**TASK GOAL**
Find the line containing "VITRA Alcove Sofa" in the material below, then please transcribe it and each line after it exactly, without the pictures.
MATERIAL SUPPLIED Block Start
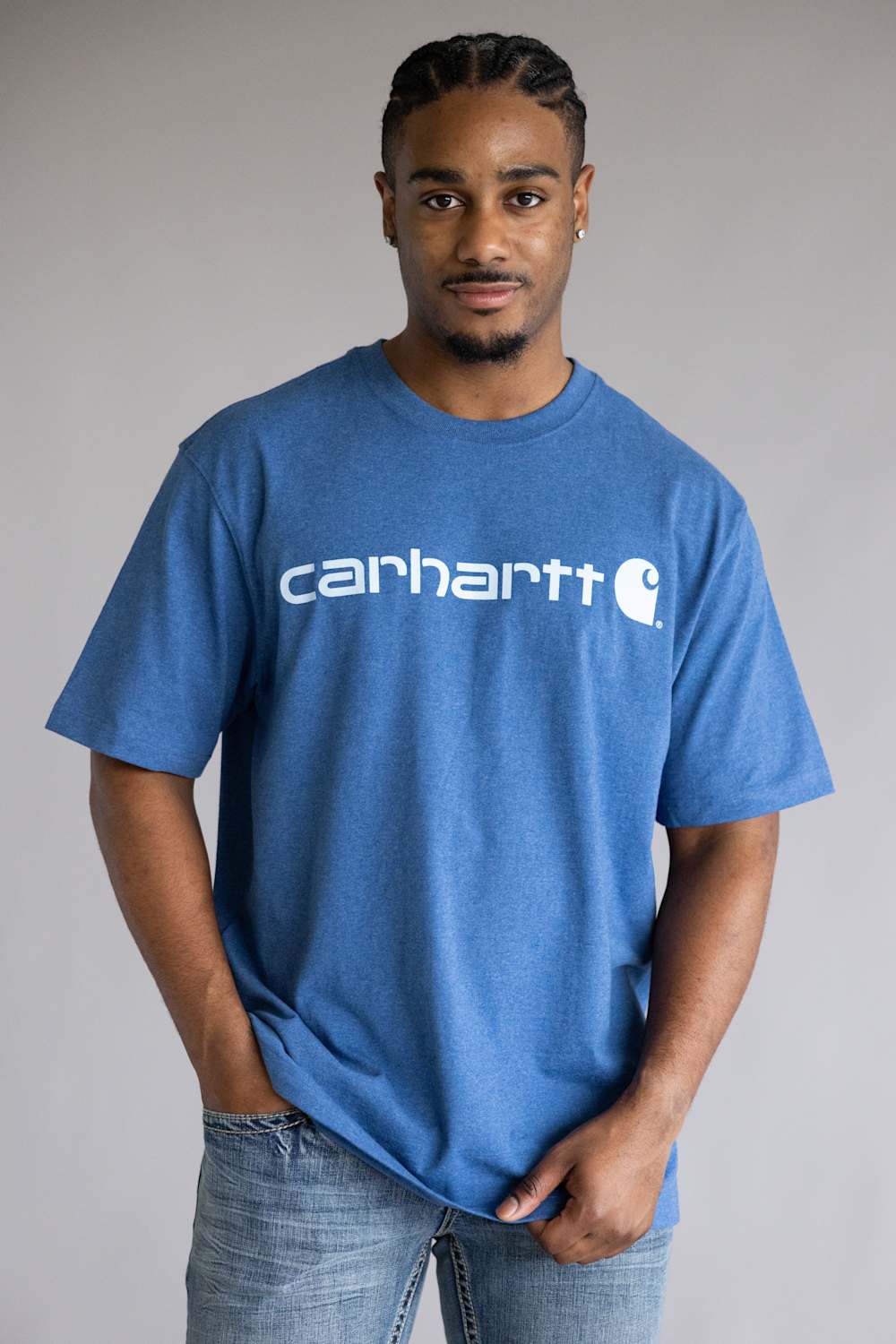 Carhartt Dearborn Loose Logo T-Shirt for Men in Dark Tranquil Blue | K195-HT0-DKBLUE - Image 4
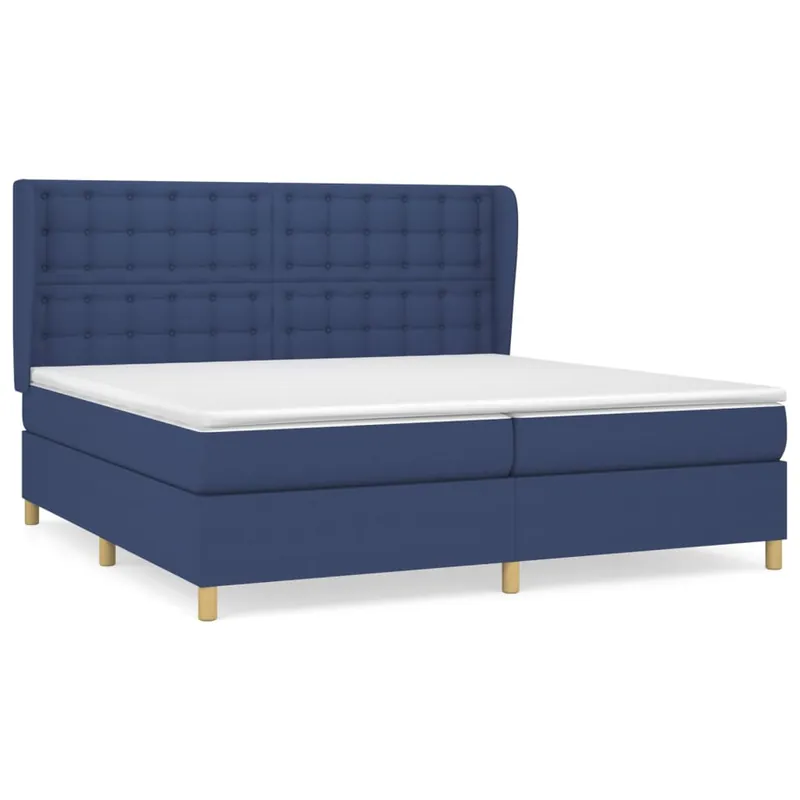 Cama box spring con colchón tela gris claro 200x200 cm Botones - Descanso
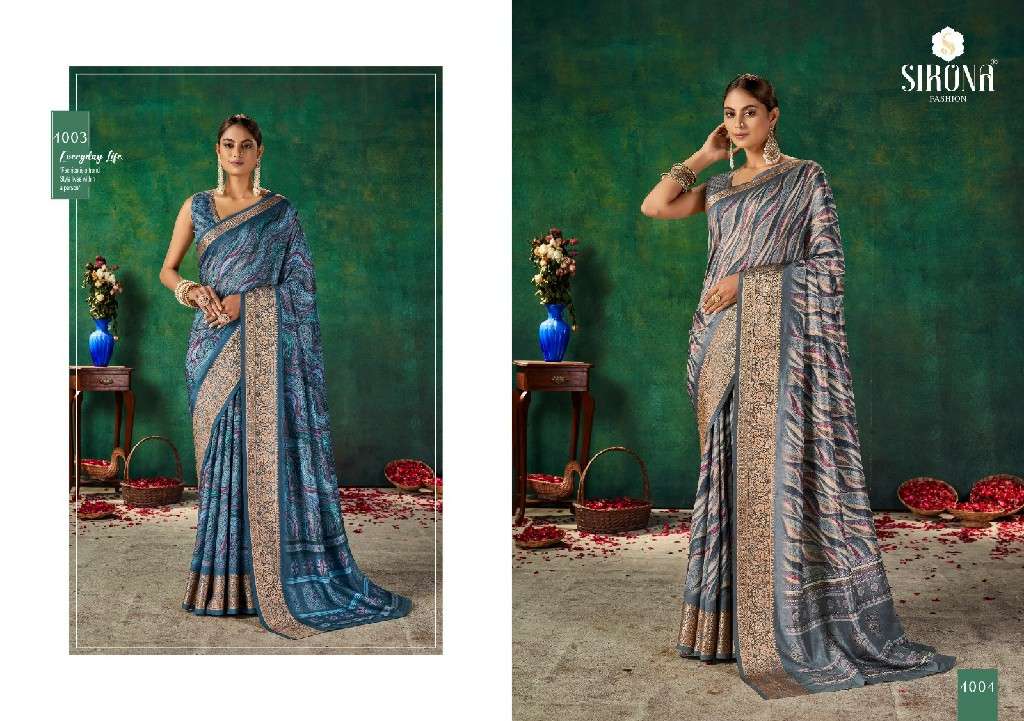 Sirona fashion Presents Sangeet Presents velvet tusser silk unique sarees Catalog Wholesaler And Exporter 
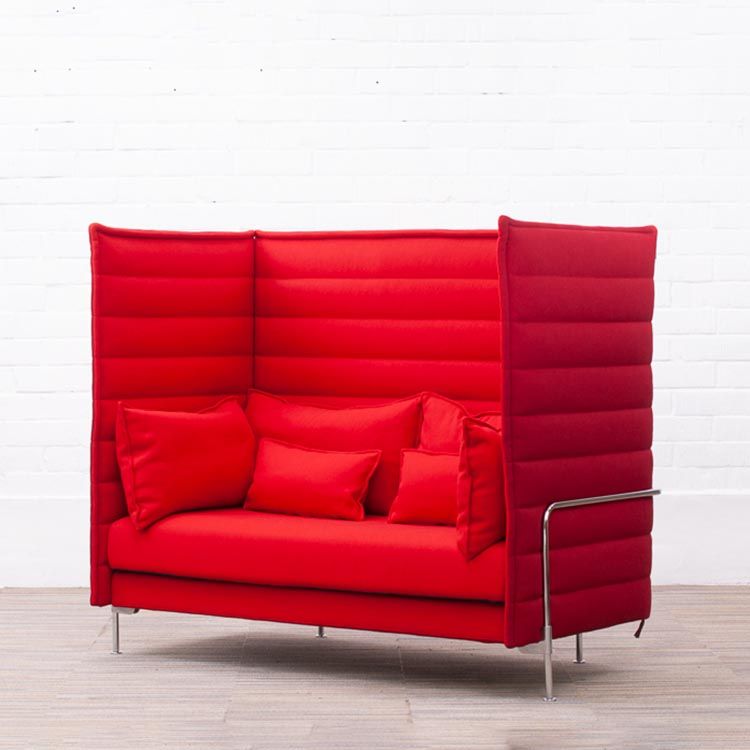 VITRA Alcove Sofa Zitbank 2-zit design by Ronan & Erwan Bouroullec B155xD88xH137 - rood en donker rood stof / chrome vierpoot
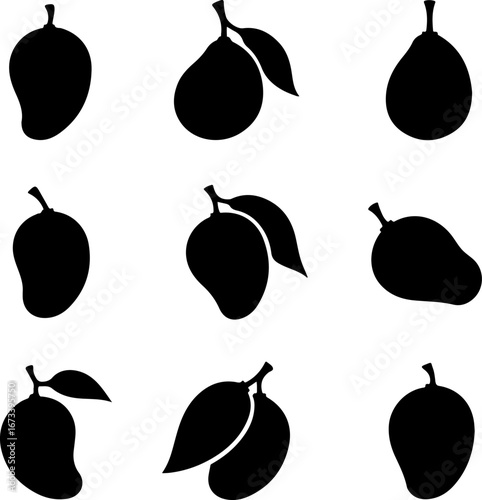"Black and White Mango Silhouette Set" Vector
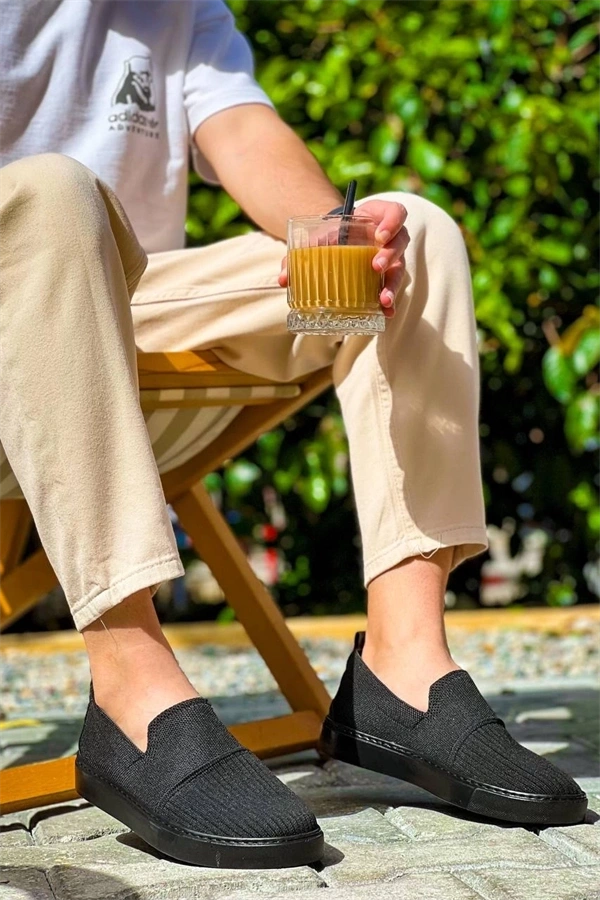 Kb-114  Kuback Siyah Triko Siyah  Yüksek Taban Bağcıksız Günlük Erkek Ayakkabı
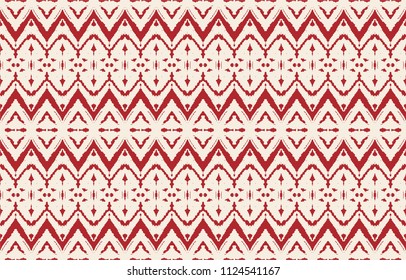 Ikat seamless pattern. Vector tie dye shibori print with stripes and chevron. Ink textured japanese background. Ethnic fabric vector. Bohemian fashion. Endless watercolor texture. African rug.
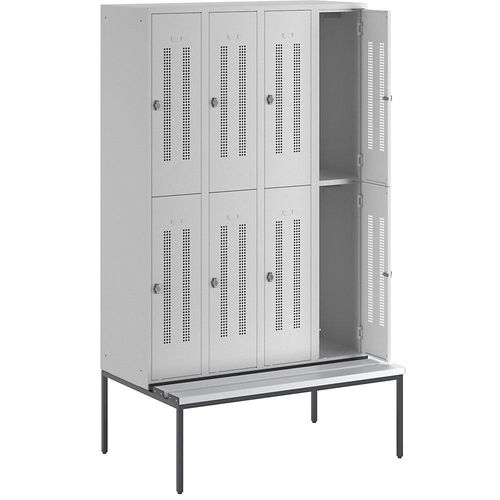 4250618236384 - Halbhoher Garderobenschrank mit Sitzbankuntergestell 300 mm 8 Fächer Lochblech lichtgrau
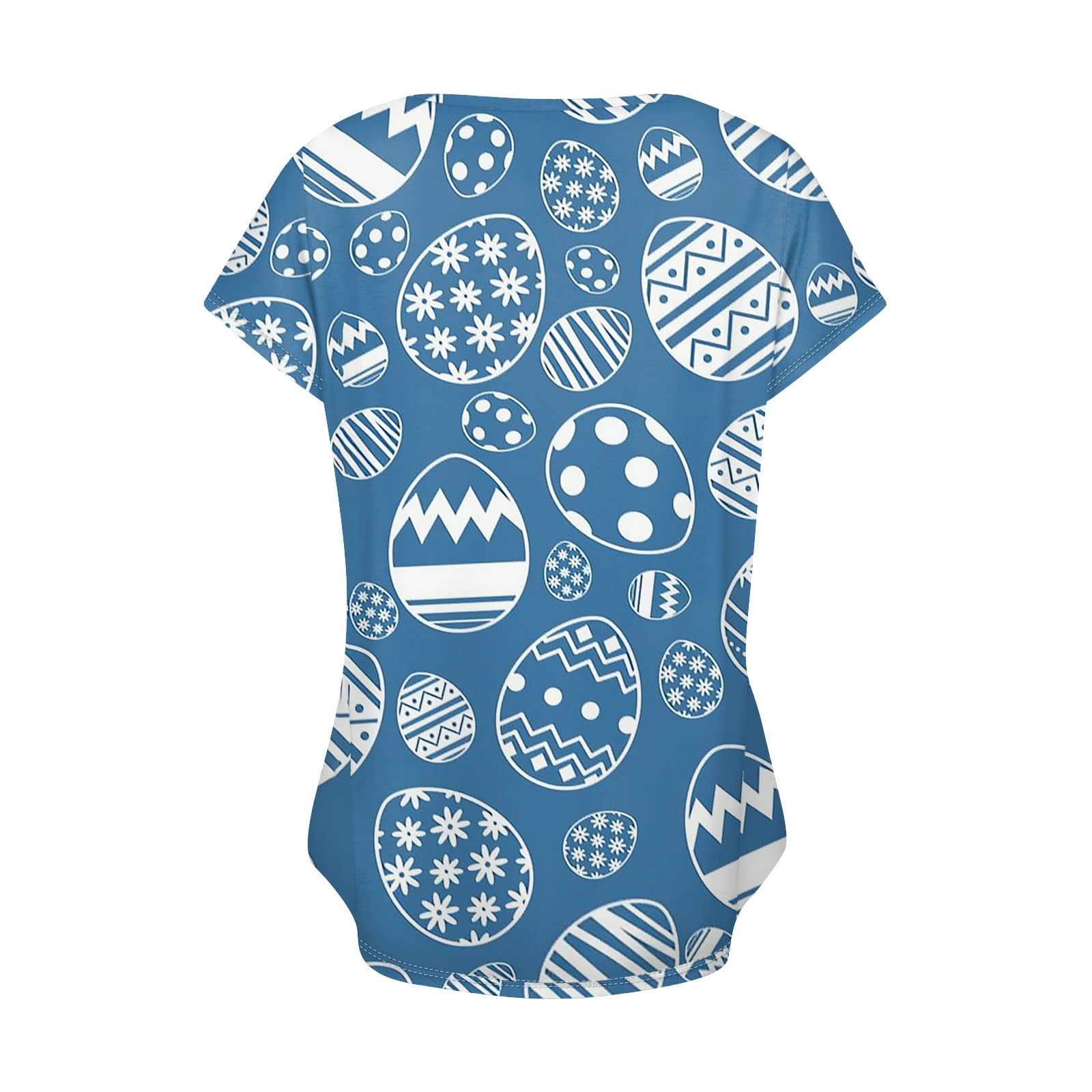Women's Easter Printed Short Sleeve V-Neck Tunic Top - Casual Summer Button Shirt for Easter Outfits, Brunch & Spring Parties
MATERIAL SUPPLIED Block End
**ANSWER BELOW**
 VITRA Alcove Sofa Zitbank 2-zit design by Ronan & Erwan Bouroullec B155xD88xH137 - rood en donker rood stof / chrome vierpoot
"Black and White Mango Silhouette Set" Vector
 Kb-114  Kuback Siyah Triko Siyah  Yüksek Taban Bağcıksız Günlük Erkek Ayakkabı
 Ikat seamless pattern. Vector tie dye shibori print with stripes and chevron. Ink textured japanese background. Ethnic fabric vector. Bohemian fashion. Endless watercolor texture. African rug.
 4250618236384 - Halbhoher Garderobenschrank mit Sitzbankuntergestell 300 mm 8 Fächer Lochblech lichtgrau
Women's Easter Printed Short Sleeve V-Neck Tunic Top - Casual Summer Button Shirt for Easter Outfits, Brunch & Spring Parties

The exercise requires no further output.